Reuters reported late last week that Peter Locsin, of Talisay City, Philippines, is believed to be behind a cybercrime scheme to compromise the accounts of several well-known individuals at three financial institutions.
U.S. prosecutors believe Locsin used websites, phone calls and other online means to illegally access the accounts and attempt to conduct wire transfers, purchase merchandise, change addresses and even add new cardholders.
The victim data that was compromised includes Social Security numbers, names and birthdates, but none of the victims were actually identified in the court documents, Reuters said.
Locsin faces charges of conspiracy to commit bank fraud and aggravated identity theft, with the conspiracy count alone carrying a maximum sentence of 30 years in prison.

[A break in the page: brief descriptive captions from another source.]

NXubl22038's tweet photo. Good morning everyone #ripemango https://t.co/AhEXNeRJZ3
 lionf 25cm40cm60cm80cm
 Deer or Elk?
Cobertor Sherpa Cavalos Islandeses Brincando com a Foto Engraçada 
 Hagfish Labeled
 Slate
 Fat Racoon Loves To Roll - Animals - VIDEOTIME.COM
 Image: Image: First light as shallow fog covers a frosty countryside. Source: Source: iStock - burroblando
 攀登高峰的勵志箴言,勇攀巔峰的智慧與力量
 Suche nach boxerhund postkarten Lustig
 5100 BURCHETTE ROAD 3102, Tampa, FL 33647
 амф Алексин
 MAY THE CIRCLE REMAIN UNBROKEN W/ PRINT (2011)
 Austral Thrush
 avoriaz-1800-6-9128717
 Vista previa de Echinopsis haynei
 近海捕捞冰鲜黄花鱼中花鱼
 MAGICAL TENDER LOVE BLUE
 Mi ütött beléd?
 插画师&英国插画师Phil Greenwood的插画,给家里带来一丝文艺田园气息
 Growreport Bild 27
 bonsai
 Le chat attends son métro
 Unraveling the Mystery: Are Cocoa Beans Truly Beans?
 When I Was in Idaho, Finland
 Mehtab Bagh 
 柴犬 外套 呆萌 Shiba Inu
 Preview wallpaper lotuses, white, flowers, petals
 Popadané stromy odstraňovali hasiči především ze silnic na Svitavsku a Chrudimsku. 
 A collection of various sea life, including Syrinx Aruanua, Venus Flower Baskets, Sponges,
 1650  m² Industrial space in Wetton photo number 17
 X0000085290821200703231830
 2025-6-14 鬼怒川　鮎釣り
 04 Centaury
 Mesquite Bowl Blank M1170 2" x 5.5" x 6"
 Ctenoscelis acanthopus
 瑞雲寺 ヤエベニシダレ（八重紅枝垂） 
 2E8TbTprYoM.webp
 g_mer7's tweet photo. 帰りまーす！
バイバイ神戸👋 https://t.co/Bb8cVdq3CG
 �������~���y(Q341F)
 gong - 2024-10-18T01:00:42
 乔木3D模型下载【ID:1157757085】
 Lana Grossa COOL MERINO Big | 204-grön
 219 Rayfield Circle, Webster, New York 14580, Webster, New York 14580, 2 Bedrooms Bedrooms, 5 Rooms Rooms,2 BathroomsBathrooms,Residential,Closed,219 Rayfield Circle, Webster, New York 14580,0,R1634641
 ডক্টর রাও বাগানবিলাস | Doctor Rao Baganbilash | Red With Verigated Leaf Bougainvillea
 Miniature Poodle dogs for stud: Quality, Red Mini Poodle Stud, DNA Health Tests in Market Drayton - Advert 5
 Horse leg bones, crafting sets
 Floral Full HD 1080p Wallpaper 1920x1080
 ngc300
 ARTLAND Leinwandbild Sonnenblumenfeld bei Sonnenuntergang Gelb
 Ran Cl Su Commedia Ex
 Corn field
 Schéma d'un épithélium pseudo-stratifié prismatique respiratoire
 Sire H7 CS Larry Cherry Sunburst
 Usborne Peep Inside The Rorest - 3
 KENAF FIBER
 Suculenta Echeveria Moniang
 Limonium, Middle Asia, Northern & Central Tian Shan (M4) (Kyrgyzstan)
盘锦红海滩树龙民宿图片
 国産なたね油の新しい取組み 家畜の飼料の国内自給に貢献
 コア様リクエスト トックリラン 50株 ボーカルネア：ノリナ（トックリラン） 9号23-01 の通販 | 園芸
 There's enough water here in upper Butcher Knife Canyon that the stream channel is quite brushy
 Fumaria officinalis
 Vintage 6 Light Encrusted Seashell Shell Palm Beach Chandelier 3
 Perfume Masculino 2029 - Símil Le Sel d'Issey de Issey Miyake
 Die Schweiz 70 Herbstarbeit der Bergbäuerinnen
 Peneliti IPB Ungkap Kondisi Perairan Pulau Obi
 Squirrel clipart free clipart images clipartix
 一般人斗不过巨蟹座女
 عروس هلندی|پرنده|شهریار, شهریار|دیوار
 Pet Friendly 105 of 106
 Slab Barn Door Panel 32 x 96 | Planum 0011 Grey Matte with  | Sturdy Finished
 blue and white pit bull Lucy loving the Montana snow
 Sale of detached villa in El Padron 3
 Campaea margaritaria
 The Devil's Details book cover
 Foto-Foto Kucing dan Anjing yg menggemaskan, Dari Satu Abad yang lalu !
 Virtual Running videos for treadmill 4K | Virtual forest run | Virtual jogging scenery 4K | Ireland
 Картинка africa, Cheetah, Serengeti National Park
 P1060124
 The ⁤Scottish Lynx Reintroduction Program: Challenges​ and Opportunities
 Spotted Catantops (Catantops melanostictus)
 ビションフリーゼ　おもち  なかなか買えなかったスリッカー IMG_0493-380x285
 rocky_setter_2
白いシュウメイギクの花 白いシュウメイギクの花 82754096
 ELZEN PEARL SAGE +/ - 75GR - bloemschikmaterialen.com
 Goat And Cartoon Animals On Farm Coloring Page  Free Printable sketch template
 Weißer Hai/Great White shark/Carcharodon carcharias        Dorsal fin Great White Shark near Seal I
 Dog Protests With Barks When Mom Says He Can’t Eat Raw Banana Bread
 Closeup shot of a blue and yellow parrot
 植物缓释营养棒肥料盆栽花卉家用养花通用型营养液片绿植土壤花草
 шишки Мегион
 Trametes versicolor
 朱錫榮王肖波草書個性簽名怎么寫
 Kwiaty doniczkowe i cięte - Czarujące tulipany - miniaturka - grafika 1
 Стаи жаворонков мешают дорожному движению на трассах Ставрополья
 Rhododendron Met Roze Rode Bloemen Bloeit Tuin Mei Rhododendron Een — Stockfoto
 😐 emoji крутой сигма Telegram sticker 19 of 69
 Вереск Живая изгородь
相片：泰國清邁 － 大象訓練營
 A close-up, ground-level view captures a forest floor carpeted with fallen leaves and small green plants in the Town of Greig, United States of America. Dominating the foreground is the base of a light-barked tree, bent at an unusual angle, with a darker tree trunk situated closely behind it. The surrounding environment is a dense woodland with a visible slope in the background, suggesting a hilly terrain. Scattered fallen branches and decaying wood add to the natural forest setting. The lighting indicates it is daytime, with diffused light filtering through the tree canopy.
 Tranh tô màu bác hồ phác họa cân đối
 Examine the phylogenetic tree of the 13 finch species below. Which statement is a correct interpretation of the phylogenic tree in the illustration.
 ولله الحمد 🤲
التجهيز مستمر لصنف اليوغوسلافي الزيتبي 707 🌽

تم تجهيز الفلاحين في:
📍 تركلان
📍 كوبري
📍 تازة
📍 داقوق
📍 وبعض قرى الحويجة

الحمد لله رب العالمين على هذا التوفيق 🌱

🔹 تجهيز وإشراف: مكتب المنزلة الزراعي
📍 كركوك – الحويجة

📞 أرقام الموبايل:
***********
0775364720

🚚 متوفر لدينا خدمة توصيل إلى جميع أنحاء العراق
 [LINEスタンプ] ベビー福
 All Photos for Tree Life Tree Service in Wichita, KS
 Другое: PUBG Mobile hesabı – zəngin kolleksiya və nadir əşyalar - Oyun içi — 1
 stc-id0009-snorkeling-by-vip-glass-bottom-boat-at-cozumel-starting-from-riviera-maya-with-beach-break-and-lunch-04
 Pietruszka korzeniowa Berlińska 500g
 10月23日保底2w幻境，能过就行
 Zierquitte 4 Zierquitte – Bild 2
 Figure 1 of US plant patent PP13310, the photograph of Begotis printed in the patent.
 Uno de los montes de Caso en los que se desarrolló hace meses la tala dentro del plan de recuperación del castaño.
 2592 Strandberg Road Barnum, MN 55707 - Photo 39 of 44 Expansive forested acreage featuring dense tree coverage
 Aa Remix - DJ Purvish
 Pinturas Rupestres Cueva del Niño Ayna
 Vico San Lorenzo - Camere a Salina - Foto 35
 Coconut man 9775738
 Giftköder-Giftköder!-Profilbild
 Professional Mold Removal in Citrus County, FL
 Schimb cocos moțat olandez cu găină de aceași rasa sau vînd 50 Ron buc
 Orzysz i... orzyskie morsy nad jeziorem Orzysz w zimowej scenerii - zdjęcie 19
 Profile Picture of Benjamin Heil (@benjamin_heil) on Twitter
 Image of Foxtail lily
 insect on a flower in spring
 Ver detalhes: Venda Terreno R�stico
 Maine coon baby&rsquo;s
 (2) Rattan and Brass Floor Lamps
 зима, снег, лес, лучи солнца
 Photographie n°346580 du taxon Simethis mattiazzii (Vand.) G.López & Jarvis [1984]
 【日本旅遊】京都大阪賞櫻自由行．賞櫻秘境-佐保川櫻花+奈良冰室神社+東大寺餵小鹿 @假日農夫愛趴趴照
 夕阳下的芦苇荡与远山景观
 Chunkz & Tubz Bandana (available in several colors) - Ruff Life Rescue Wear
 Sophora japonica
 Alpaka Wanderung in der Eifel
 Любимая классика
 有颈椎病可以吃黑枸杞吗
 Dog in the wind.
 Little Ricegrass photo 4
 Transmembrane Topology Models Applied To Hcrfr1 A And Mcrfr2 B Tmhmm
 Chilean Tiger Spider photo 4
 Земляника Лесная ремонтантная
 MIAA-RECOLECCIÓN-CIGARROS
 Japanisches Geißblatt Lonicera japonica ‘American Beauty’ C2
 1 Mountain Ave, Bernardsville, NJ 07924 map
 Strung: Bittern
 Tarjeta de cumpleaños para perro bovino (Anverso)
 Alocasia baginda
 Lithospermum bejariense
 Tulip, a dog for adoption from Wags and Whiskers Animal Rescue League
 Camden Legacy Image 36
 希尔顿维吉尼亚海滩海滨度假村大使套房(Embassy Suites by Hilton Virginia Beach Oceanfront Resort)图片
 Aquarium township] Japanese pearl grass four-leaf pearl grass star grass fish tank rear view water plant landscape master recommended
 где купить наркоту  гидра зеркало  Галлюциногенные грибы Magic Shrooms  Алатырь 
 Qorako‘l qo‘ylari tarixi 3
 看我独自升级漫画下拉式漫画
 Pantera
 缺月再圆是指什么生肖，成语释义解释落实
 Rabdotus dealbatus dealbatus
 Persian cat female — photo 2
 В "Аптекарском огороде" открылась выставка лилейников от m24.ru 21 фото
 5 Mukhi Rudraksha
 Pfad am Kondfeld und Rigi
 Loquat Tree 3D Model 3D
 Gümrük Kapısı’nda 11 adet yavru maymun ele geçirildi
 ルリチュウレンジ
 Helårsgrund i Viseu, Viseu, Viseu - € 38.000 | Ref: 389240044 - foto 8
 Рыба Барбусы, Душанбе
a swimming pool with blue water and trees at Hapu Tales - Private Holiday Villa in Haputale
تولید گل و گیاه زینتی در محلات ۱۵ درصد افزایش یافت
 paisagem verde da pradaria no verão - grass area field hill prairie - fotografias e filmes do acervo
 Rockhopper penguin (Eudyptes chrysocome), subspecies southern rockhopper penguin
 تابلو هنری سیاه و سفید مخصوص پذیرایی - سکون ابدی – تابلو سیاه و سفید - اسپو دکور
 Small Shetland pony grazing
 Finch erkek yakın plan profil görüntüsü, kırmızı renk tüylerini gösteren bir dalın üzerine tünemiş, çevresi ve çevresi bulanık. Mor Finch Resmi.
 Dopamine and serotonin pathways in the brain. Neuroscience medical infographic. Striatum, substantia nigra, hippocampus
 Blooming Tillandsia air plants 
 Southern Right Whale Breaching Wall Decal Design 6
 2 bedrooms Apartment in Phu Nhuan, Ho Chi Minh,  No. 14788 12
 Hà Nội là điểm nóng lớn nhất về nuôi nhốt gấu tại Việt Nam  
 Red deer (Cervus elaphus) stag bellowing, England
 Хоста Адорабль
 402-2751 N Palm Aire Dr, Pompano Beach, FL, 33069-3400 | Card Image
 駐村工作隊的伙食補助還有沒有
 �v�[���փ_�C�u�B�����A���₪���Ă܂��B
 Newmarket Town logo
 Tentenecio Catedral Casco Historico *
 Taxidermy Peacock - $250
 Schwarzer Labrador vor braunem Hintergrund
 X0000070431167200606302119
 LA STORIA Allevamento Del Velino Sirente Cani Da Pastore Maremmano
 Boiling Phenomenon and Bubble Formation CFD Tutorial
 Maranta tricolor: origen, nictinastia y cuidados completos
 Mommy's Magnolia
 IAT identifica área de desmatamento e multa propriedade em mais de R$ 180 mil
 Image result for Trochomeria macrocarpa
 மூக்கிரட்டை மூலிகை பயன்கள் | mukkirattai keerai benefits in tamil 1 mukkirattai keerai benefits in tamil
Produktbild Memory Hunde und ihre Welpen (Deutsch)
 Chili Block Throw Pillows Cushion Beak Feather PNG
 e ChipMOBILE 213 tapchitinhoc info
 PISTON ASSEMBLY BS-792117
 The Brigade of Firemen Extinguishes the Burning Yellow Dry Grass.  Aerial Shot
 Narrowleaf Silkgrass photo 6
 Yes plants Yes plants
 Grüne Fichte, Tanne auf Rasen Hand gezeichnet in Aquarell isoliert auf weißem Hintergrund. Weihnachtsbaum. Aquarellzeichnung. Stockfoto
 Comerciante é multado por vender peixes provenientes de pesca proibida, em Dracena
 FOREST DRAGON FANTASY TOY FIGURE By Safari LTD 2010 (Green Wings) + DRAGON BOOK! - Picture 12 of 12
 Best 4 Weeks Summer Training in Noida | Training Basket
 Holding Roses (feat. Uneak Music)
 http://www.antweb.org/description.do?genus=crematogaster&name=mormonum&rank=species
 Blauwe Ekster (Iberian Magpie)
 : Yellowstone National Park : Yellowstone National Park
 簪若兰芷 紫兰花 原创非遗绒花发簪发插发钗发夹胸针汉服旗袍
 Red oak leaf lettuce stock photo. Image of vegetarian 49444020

A spokesman for U.S. Attorney Paul Fishman told Reuters that Locsin is being held in custody of authorities in the Philippines for charges that are unrelated to the current case.
Earlier this year, a hacker was formally charged with accessing both the iCloud and Google storage accounts of about 100 people and then using that access to steal and distribute personal information. Ultimately, it also resulted in the leak of nude photos of a host of celebrities.
On the hot seat is 36-year-old Ryan Collins, who, the U.S. Attorney for the Central District of California alleges, was behind a phishing scheme between Nov. 2012 and Sept. 2014. That scheme was intended to siphon usernames and passwords to at least 50 iCloud accounts and 72 Gmail accounts.
Court filings further note that Collins sent out emails that resembled official correspondence from Google and Apple — emails that were used to convince the unknowing to cough up details that could be used to access personal photos or, in some cases, entire phone backups. The charging documents also corroborate Apple’s claim that the iCloud itself had not been hacked and, instead, its individual users had been.